### PROBLEM DETAILS
Exact copies of all the lines below are required, with the pictures omitted.

***** INFORMATION GIVEN

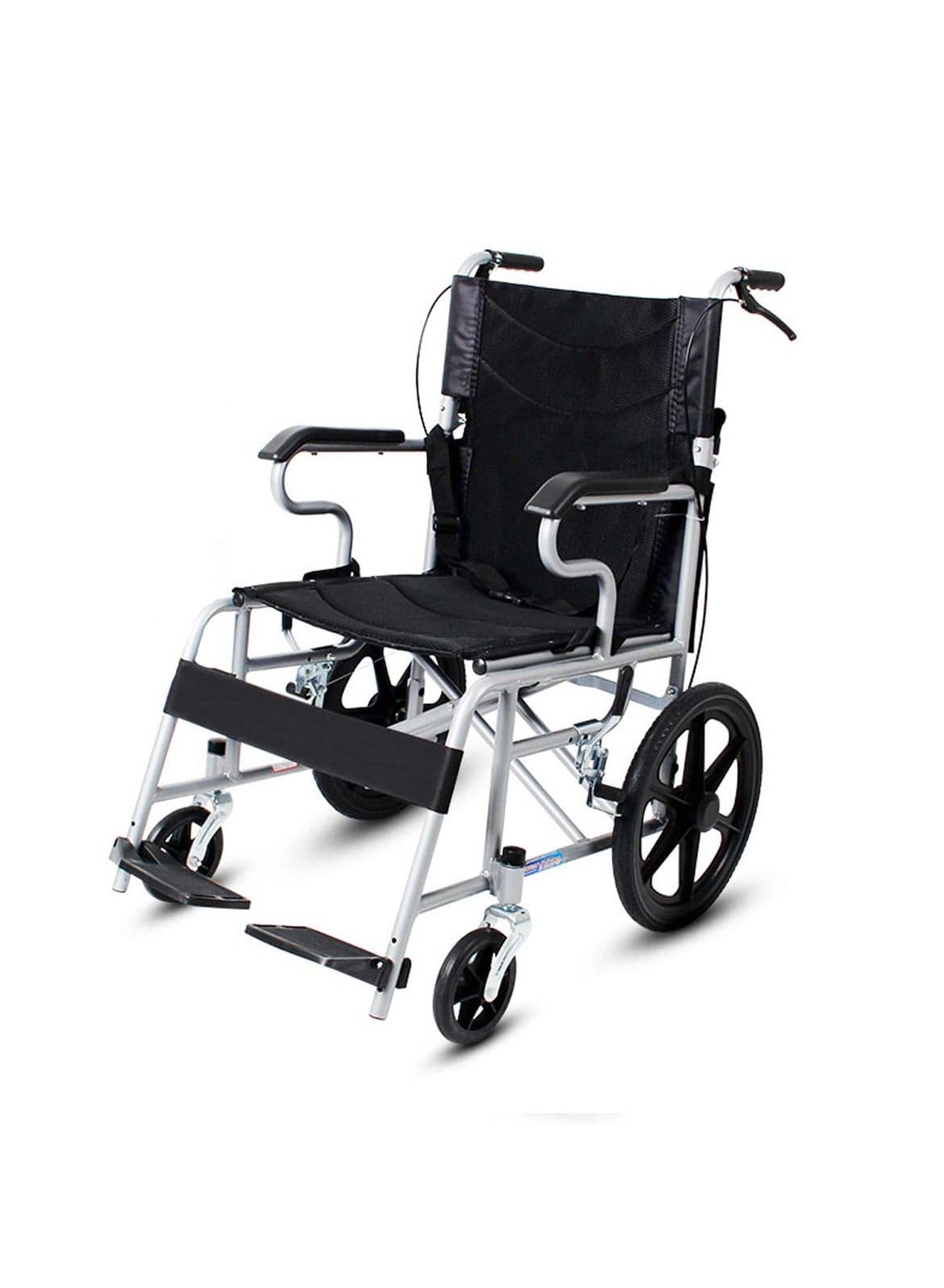 Patient Transport Foldable Wheelchair Compact, Durable & Easy to Store
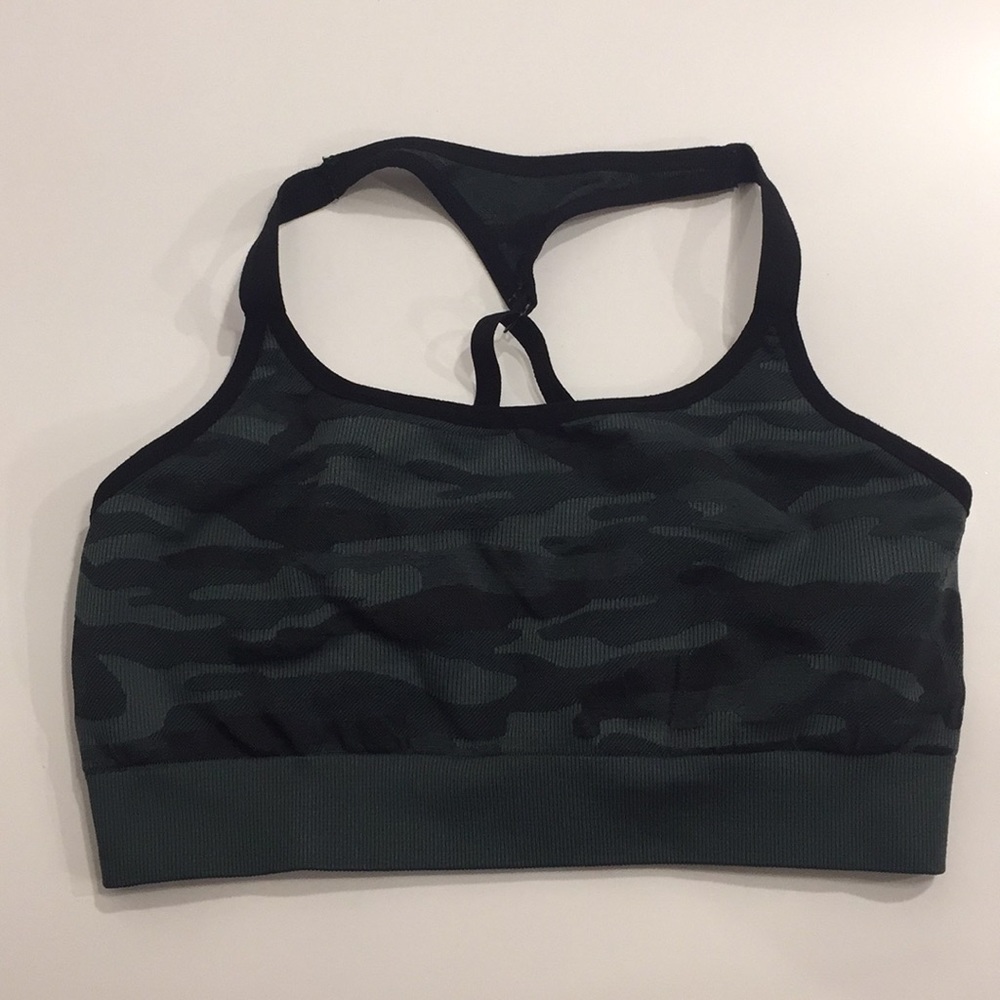 Champion army sports bra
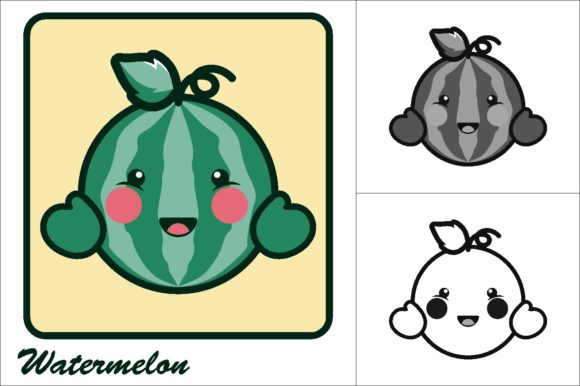 Download Watermelon Vector Illustration Icon - Illustration Collection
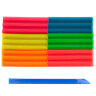 Пластилин Гамма "Флюрики" набор 6 цветов флуоресцентный со стеком картонная упаковка купить в художественном магазине Альберт Мольберт с доставкой по всему миру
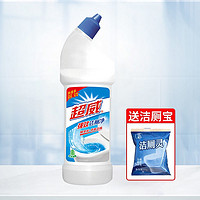 SUPERB 超威 洁厕灵洁厕剂洁 500ml*1+洁厕宝1块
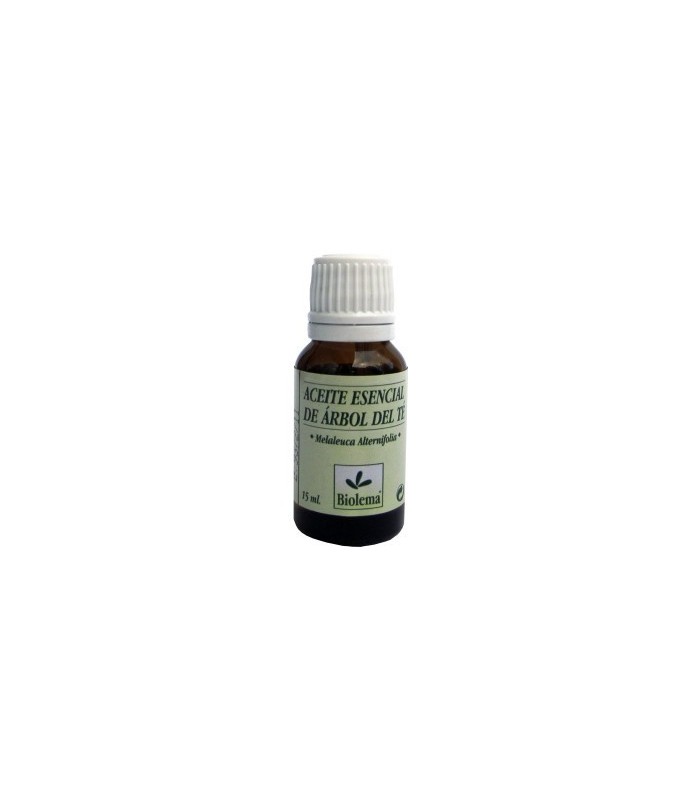 ACEITE ESENCIAL DE ÁRBOL DE TÉ BIOLEMA 15 ML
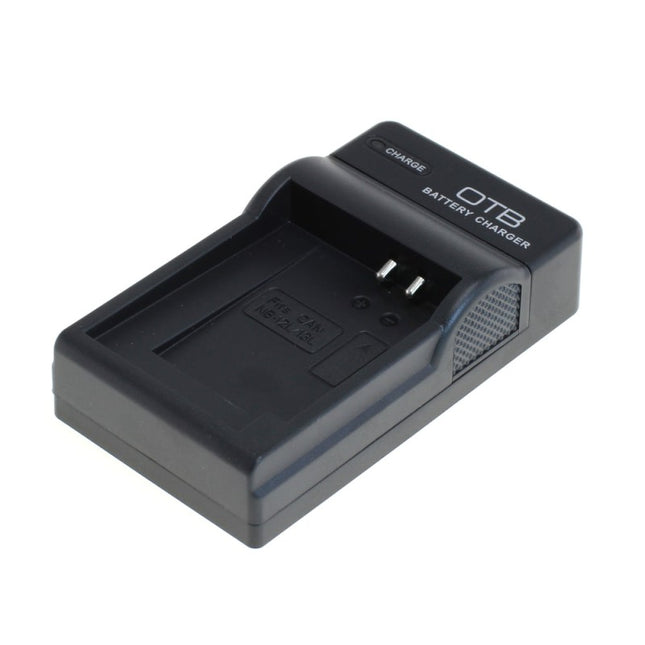 OTB lader voor camera accu - Geschikt voor Fuji NP-W126 - Zwart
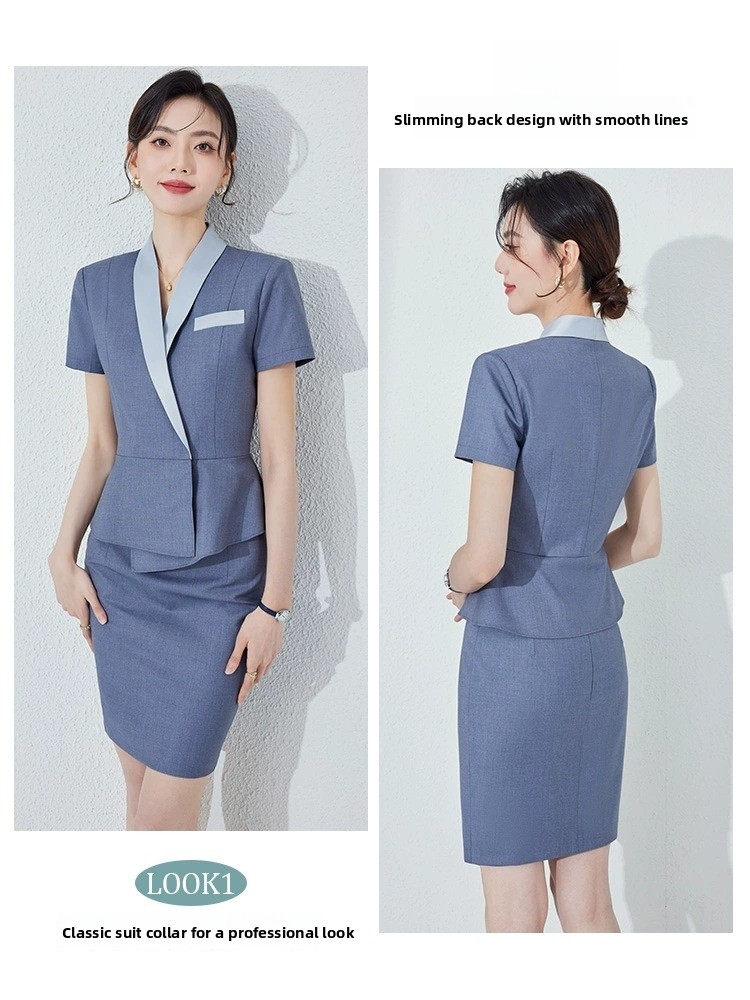 Summer Thin Suit Set for Women - Formal Wear Jewelry For Women ulasan dan harga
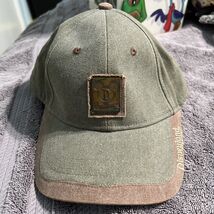 Walt Disney World Disneyland Hat Cap Mickey Mouse Metal Logo Adjustable ... - $15.83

**********

### RESULT
 Patient Transport Foldable Wheelchair Compact, Durable & Easy to Store
 Champion army sports bra
 Download Watermelon Vector Illustration Icon - Illustration Collection
 Пластилин Гамма "Флюрики" набор 6 цветов флуоресцентный со стеком картонная упаковка купить в художественном магазине Альберт Мольберт с доставкой по всему миру
 SUPERB 超威 洁厕灵洁厕剂洁 500ml*1+洁厕宝1块
 ACEITE ESENCIAL DE ÁRBOL DE TÉ BIOLEMA 15 ML
 OTB lader voor camera accu - Geschikt voor Fuji NP-W126 - Zwart
 Summer Thin Suit Set for Women - Formal Wear Jewelry For Women ulasan dan harga
 Walt Disney World Disneyland Hat Cap Mickey Mouse Metal Logo Adjustable ... - $15.83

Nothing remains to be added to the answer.